* INSTRUCTIONS TO FOLLOW *
An exact transcription is needed of the lines below from the one with "29 N CEDAR LAKE 307, Columbia, MO 65203" through the one with "Ssangyong Tivoli G15T", with no other lines and no pictures.

* EXTRACTED RECORDS *
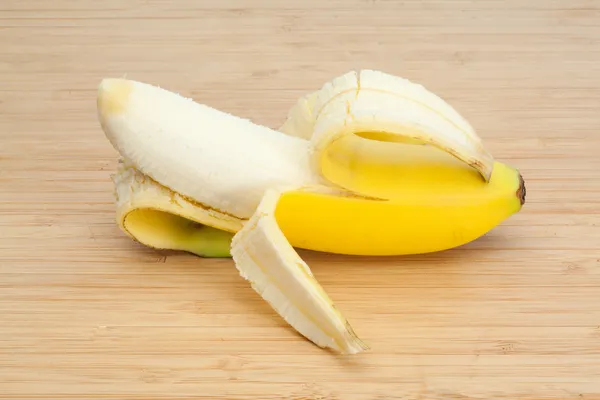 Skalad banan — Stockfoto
--
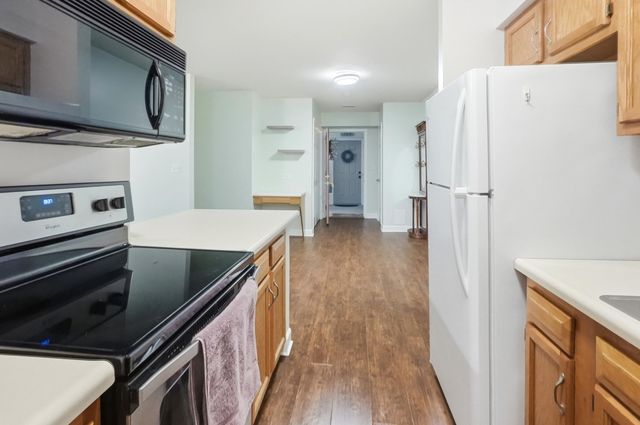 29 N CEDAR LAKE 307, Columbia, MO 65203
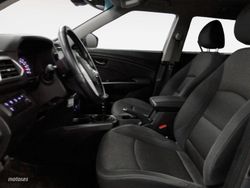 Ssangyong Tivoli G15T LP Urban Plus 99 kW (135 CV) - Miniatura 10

* WRITTEN SOLUTION *
 29 N CEDAR LAKE 307, Columbia, MO 65203
 Ssangyong Tivoli G15T LP Urban Plus 99 kW (135 CV) - Miniatura 10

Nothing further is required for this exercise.